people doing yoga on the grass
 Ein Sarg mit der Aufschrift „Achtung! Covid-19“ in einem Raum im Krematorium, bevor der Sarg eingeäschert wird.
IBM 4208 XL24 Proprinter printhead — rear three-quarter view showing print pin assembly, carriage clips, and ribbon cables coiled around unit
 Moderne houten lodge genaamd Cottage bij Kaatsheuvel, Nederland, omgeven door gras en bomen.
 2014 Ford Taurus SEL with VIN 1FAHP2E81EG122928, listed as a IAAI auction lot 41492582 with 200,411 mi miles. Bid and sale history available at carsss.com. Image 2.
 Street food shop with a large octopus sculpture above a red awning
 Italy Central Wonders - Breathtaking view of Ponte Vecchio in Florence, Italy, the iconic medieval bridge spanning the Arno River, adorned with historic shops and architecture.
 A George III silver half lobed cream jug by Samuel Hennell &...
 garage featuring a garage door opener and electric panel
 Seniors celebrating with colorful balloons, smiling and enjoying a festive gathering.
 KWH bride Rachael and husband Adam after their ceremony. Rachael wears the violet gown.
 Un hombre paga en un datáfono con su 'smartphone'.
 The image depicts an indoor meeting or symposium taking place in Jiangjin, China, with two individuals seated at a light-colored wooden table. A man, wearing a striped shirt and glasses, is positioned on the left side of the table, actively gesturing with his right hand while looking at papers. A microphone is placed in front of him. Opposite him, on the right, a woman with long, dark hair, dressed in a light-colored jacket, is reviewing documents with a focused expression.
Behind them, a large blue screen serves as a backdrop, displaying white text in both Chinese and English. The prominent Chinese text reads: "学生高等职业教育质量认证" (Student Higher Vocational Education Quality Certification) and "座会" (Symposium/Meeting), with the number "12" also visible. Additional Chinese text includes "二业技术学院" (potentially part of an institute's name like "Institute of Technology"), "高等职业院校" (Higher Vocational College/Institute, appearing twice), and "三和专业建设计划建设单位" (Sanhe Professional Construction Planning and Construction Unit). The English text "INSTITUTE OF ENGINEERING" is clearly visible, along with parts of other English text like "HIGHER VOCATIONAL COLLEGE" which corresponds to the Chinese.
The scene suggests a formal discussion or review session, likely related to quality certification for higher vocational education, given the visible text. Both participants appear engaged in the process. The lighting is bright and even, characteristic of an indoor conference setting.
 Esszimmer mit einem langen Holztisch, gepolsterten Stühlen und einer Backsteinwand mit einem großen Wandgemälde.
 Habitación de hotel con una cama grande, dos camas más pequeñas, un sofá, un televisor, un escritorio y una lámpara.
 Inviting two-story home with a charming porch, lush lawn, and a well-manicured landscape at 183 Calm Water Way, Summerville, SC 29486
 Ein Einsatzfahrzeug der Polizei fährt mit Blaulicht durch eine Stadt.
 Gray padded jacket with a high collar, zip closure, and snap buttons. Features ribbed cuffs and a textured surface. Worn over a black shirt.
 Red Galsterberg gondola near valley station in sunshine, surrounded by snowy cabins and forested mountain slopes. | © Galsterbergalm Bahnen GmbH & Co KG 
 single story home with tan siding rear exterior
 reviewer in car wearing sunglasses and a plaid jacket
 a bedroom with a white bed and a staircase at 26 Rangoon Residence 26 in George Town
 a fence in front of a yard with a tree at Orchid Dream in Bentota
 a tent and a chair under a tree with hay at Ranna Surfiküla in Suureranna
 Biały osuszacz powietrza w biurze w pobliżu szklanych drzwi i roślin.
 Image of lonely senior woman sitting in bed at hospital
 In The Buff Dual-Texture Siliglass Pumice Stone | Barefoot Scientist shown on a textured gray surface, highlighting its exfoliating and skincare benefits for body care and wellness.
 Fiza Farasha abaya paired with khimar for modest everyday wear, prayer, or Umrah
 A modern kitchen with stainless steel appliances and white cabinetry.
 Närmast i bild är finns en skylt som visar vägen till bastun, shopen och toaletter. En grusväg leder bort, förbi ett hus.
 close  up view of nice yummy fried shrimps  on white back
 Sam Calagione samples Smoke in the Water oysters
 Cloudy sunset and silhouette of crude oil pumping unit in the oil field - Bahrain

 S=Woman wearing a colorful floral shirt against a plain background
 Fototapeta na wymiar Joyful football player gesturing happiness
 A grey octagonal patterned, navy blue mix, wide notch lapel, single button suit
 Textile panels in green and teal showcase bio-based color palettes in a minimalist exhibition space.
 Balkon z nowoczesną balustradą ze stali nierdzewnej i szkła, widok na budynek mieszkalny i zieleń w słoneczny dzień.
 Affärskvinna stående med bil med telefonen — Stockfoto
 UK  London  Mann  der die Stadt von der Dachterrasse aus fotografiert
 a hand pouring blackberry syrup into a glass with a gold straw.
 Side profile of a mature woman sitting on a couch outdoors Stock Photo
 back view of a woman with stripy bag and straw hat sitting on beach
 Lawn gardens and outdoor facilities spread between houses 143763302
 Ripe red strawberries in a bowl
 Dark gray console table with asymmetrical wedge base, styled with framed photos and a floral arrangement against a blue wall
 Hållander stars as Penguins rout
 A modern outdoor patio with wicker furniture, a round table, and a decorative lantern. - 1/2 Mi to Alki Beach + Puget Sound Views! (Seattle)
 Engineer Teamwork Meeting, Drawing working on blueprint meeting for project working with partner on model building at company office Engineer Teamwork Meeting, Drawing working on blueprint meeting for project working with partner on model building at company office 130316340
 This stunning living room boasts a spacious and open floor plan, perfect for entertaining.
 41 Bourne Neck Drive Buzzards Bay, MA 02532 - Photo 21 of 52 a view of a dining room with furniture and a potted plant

_Task item_
From the entries above, extract only the lines running from the one containing "Image of lonely" through the one containing "A modern kitchen", inclusive.

_Response to the exercise_
 Image of lonely senior woman sitting in bed at hospital
 In The Buff Dual-Texture Siliglass Pumice Stone | Barefoot Scientist shown on a textured gray surface, highlighting its exfoliating and skincare benefits for body care and wellness.
 Fiza Farasha abaya paired with khimar for modest everyday wear, prayer, or Umrah
 A modern kitchen with stainless steel appliances and white cabinetry.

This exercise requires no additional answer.